This week’s Editors’ Picks feature three special timepieces for summer 2021: Seiko’s exotic classic, Universal Genève (“The poor man’s Patek”), and Omega’s Speedmaster Tokyo 2020 Limited Edition.
Great Watches Under $5,000
Seiko 5 Hindu-Arabic Dial
It’s a summer watch. It’s a starter watch. It’s a regret-free impulse buy. And it’s a watch that collectors old and new can respect. This Seiko 5 with Hindu-Arabic numerals comes in two sizes: the SNK063J5 at 34 mm and the SNKP21J1 at 42 mm. You get the same build quality, approachability, and in-house movement that watch enthusiasts unconditionally love but with an extra punch on the dial to make it memorable. You’ve seen a Seiko 5 before, but you probably haven’t seen this Seiko 5 before, and that’s why we love it. Want some anecdotal evidence? A fellow watch writer friend of mine owns a Nautilus, a Royal Oak, several Rolexes, and this timepiece.

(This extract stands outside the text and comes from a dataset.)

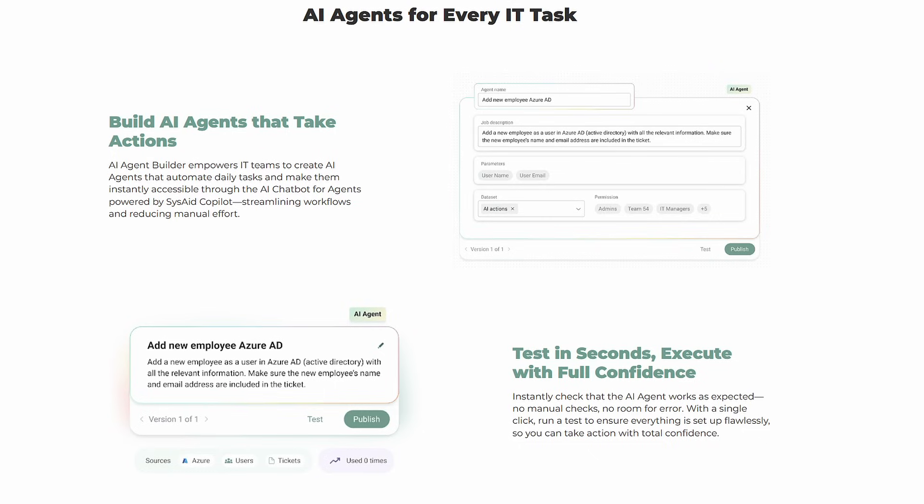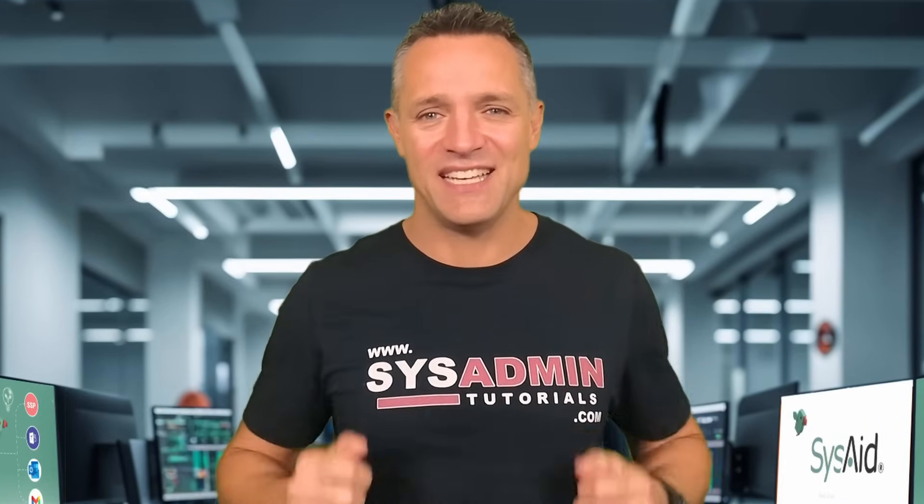Now let's get right into it. I'm excited to show you SysAid's AI Agent Builder and how it can revolutionize the way you handle IT tasks.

Enthusiast’s Corner: Rare and Exceptional Timepieces
Universal Genève Tri-Compax
Universal Genève is often called “the poor man’s Patek” — which should be considered a compliment when you think about it (I would gladly drive a “poor man’s Ferrari,” after all). The two brands have a shared history, and UG was even sold alongside Patek Philippe in the latter’s boutiques for some time. The Universal Genève Tri-Compax has a distinctive “Grand Complication” air to it with a chronograph, annual calendar, and moon phase housed in steel or solid 18-karat gold. That’s not bad for the 1940s and not bad for an enthusiast-level piece under $10,000. Oh, and the brand has long been extinct (in Europe, at least), so these watches are only getting rarer by the day.
Iconic Timepieces: Great Value for the Money
Omega Speedmaster Tokyo 2020 Limited Edition
The watch world loves a misprint, an oddity, and most of all, a good story. In the runup to the 2020 Olympics in Tokyo, Omega created five new limited edition Speedmasters, one for each color of the Olympic rings. Sure, Omega seems to release an unlimited number of limited-edition Speedmasters every year, but those are typically for historical events that actually happened. Plus, every watch lover deserves a Speedmaster in their lineup, and every watch lover with a Speedmaster deserves one with a twist. A crystal ball in 2019 would’ve told Omega not to create these watches in the first place. Your 2021 crystal ball, however, would tell you that the Omega Speedmaster Tokyo 2020 Limited Edition timepieces will be quite the collector’s items as the pandemic year we’re all working to forget fades into history.